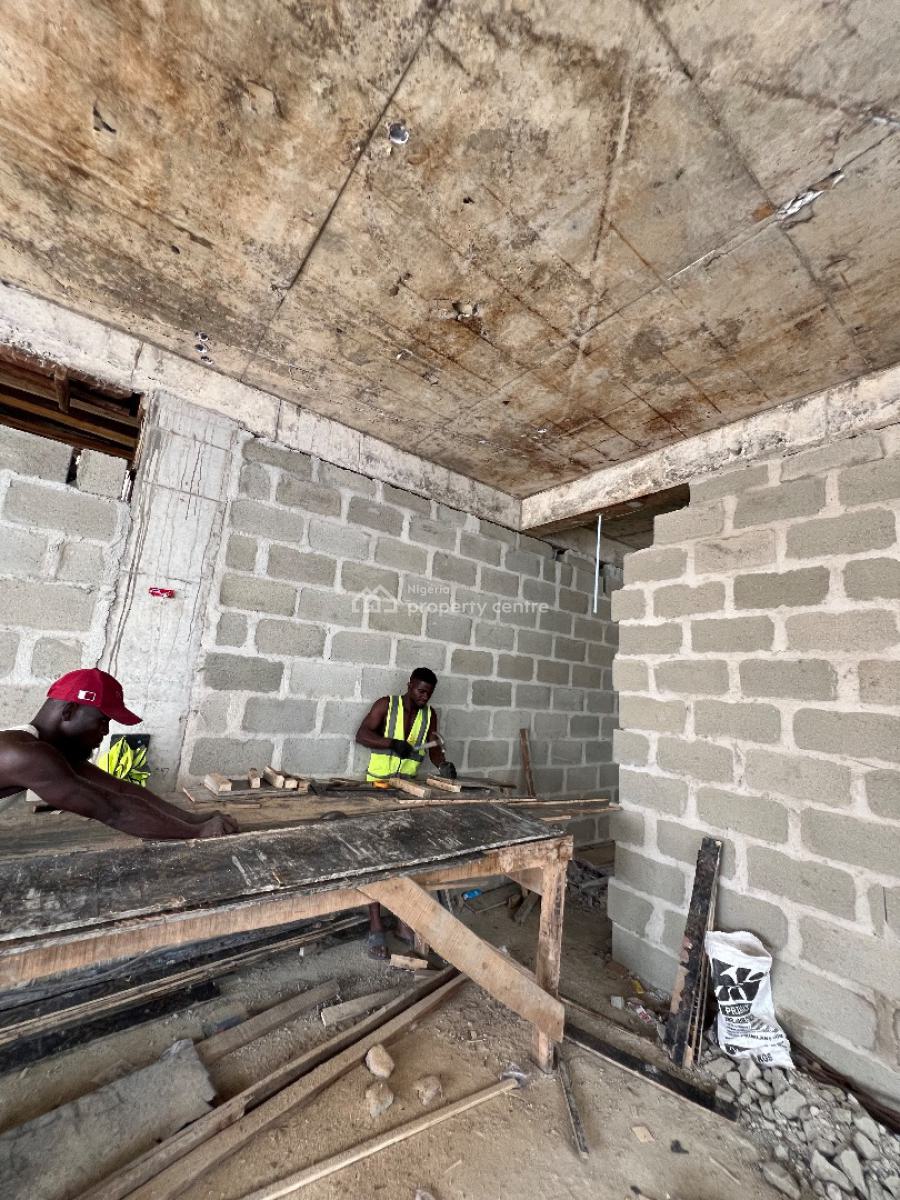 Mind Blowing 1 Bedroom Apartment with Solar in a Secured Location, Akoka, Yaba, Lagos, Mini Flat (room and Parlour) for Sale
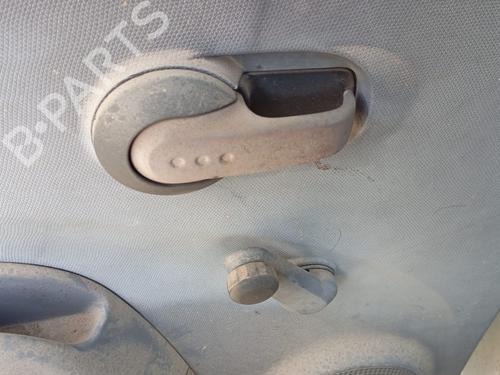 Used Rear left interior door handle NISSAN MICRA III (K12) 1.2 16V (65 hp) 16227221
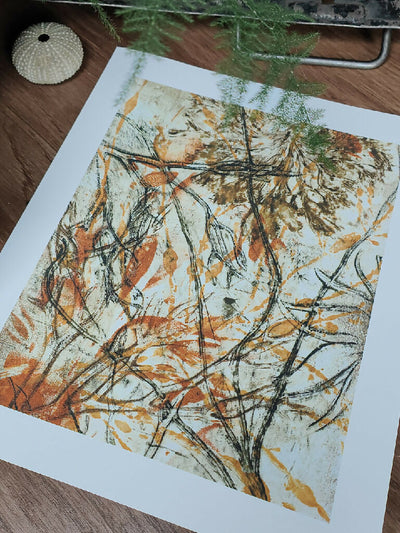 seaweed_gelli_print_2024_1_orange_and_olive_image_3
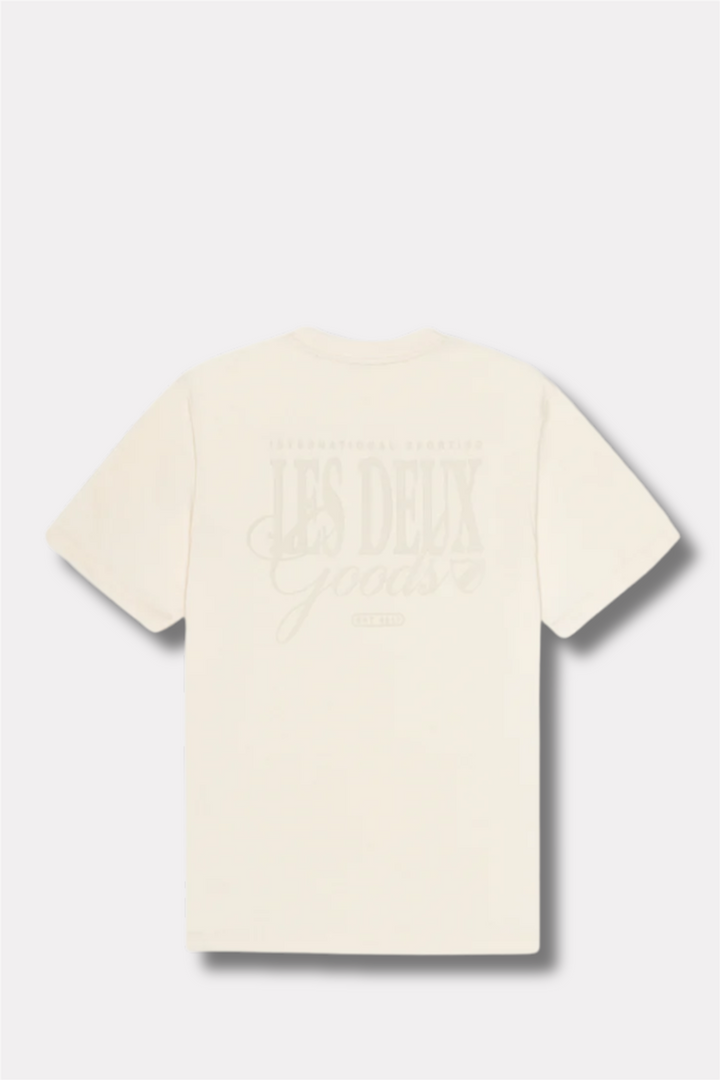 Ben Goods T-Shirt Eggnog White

================

| Task brief |
The copy should hold exactly the lines from the line containing "seaweed_gelli_print_2024_1_orange_and_olive_image_3" through the end of the data, both ends included, and no pictures.

| Output below |
 seaweed_gelli_print_2024_1_orange_and_olive_image_3
 Ben Goods T-Shirt Eggnog White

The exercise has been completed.